I have always seen ponds as a big ol' hole that you dig and line with water tight tarp/plastic and create your own waterscape. I never would think of using an above ground pool. All for aesthetics really.


----------



## TakoLuLu (Apr 2, 2012)

I had a neighbor that kept goldfish in a pond made of a similar pool. It worked well.


----------



## thekoimaiden (Oct 19, 2011)

I would not keep koi in this for any length of time. Goldfish, maybe. Koi, no. Koi are much more sensitive to higher temperatures than goldfish are. One of the reasons we put ponds in the ground is insulation against the cold in the winter and the heat in the summer. This pond would get really hot in the summer and probably freeze in the winter. This would make a great quarantine tank for koi, but I wouldn't use it as a koi pond. I also cannot find the volume. Koi need roughly 500 gallons per fish whereas goldfish only need between 100 and 50 gallons in a pond setting. Aesthetics aside, this has my vote for no.


----------



## finnfinnfriend (Feb 3, 2012)

thekoimaiden said:


> I would not keep koi in this for any length of time. Goldfish, maybe. Koi, no. Koi are much more sensitive to higher temperatures than goldfish are. One of the reasons we put ponds in the ground is insulation against the cold in the winter and the heat in the summer. This pond would get really hot in the summer and probably freeze in the winter. This would make a great quarantine tank for koi, but I wouldn't use it as a koi pond. I also cannot find the volume. Koi need roughly 500 gallons per fish whereas goldfish only need between 100 and 50 gallons in a pond setting. Aesthetics aside, this has my vote for no.
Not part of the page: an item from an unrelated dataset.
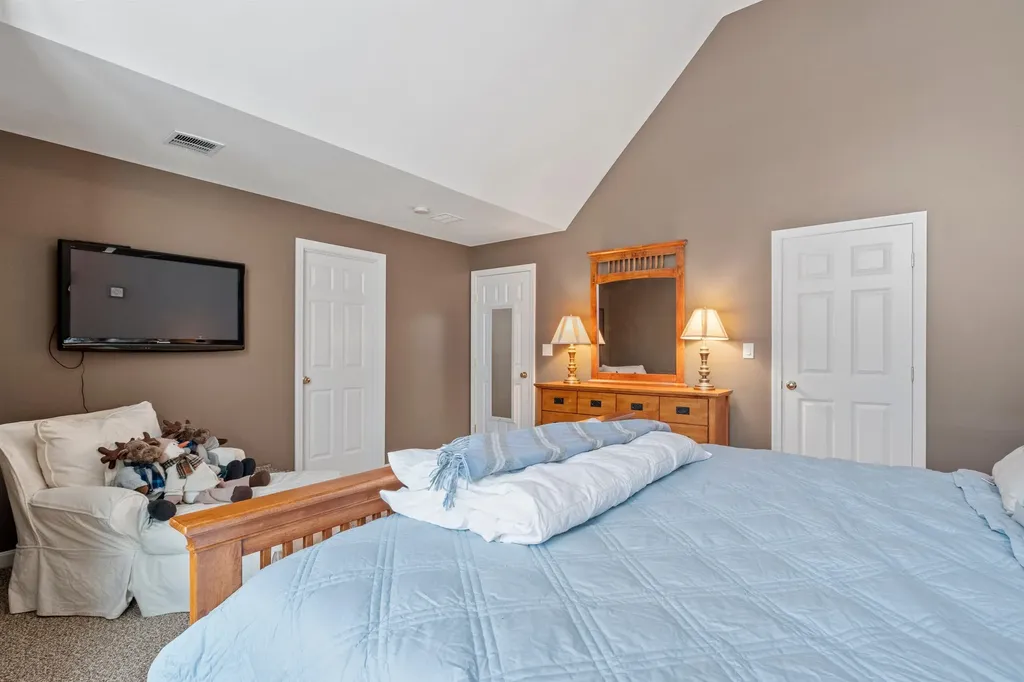 152 Woodland Loop Lincoln NH 03251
This pool is 2,000 gallons, and I've had pools about this size and they don't heat up enough in the summer! Especially in the shade. And What if there was like, an industrial heater in there in the winter?


----------



## thekoimaiden (Oct 19, 2011)

Where does it say the volume? And even at that volume you could keep 4 koi in there, tops, and that would be pushing it. Understocking is the key to success in a koi pond. 

Heating up for human body temp and heating up for koi are two different things. Our body temp is something like 97F. Anything under 80F is going to feel cool to us because of the large temperature difference. Whereas 80F is rather hot for a koi. My pond is 4000 gallons, completely shaded, and in the ground, and it still gets around 78F in the summer. 

Another problem I have with this, what about a puncture in the sides or the risk of collapse? We've all seen videos of these things collapsing on kids in the backyard. Many of the koi QT tanks that look like this are resistant to UV light which degrades the plastic. What kind of protection does the plastic on this have? I know sometimes we can get away with using things that weren't intended for fish, but I don't think this is the case. 

With the new filter you will have to buy (in a pond this size without any waterfall, you're going to need a pretty strong filer) plus the industrial heater, you're looking at a very expensive experiment that could potentially go really wrong. I hate to be a dream-dasher, but koi and ponds are a whole different level of aquarium keeping. If you really want a pond, I suggest you get in contact with a local pond-builder (they will know things about your area that you wouldn't think of).


----------



## finnfinnfriend (Feb 3, 2012)

thekoimaiden said:


> Where does it say the volume? And even at that volume you could keep 4 koi in there, tops, and that would be pushing it. Understocking is the key to success in a koi pond.
> 
> Heating up for human body temp and heating up for koi are two different things. Our body temp is something like 97F. Anything under 80F is going to feel cool to us because of the large temperature difference. Whereas 80F is rather hot for a koi. My pond is 4000 gallons, completely shaded, and in the ground, and it still gets around 78F in the summer.
> 
> ...


Eh. Well don't worry, I was never planning on having a pond at all. It was just one of those what if things....


----------